When it comes to children’s books, for me, my most important criteria for judging a volume’s worth lies in whether or not I would give it to my kids to read. The answer in this case is a resounding yes, even as I found it less entertaining for myself due to the same lack of complexity that many kids would embrace as being the lack of a stumbling block to otherwise understanding this very cool universe.
Dragon Pearl is the story of Kim Min, a fox spirit who along with the rest of her family on the dusty, half-terraformed planet of Junjin pretends to be fully human in order to quell any lingering generational mistrust of their species. Fox spirits have a reputation for being deceitful, what with their ability not only to shapeshift but also to Charm the people around them into believing whatever the fox spirits would have them believe. Min’s older brother Jun left to join the Imperial Space Forces so he could see the Thousand Worlds but, as the story opens, an investigator arrives at the Kim homestead, accusing him of desertion in search of the fabled Dragon Pearl. Min knows Jun would never do such a dishonorable thing, and embarks on a quest to find him and prove the truth, using her forbidden powers to help her along the way.
There are several interesting story beats as the novel races along to its conclusion but this is honestly the middle-grade version of your standard space opera, as Min rides her luck in pursuit of her brother. Kids not yet used to having their hearts broken by fiction will love this tale of a spunky heroine who carries the day by virtue of being a good, but not too good person. Fortunately, Dragon Pearl does boast two outstanding aspects that make it a worthwhile read for the more sophisticated reader: the fascinating mythos drawn from Korean culture, as well as the matter-of-fact way non-binary representation is handled. I’m pleased that my kids will be exposed to the normalization of both in the course of this rollicking tale.

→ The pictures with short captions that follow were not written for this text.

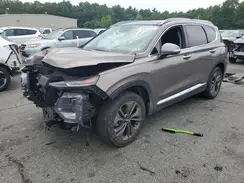 5NMS5CAA2KH054406 2019 HYUNDAI SANTA FE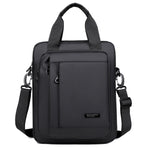 Large Capacity Men's Business Shoulder Handbag
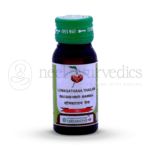 Vaidyaratnam Lomasathana Thailam – 25 Ml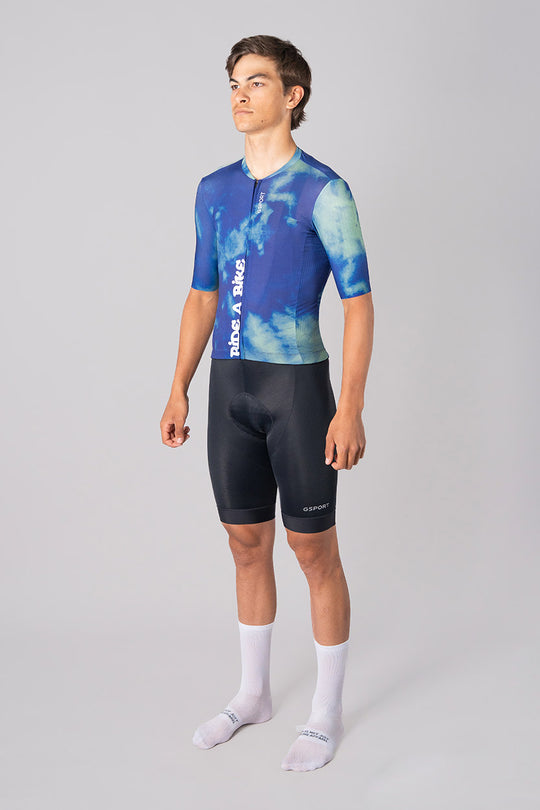 Camisola Aero Burst Homem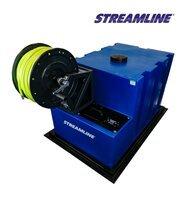 Streamline Ecostream&trade; 500 Ltr telewash systeem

And, as always, I’m happy to be reading a new Yoon Ha Lee, even as I shamefacedly admit to not yet having finished his Machineries of Empire trilogy. There are only so many hours in the day! But this was a nice reminder to go do that, as well as a pleasant stopgap to tide me over till I have time to get to Revenant Gun, as Doug has. As this was the first of the Lodestar Award for Best Young Adult Book nominees I was able to read, I’m not sure yet how it’ll fare against the rest of the field, but I’m looking forward to finding out! I would also definitely consider reading more of Min’s ongoing adventures, especially in tandem with my kids.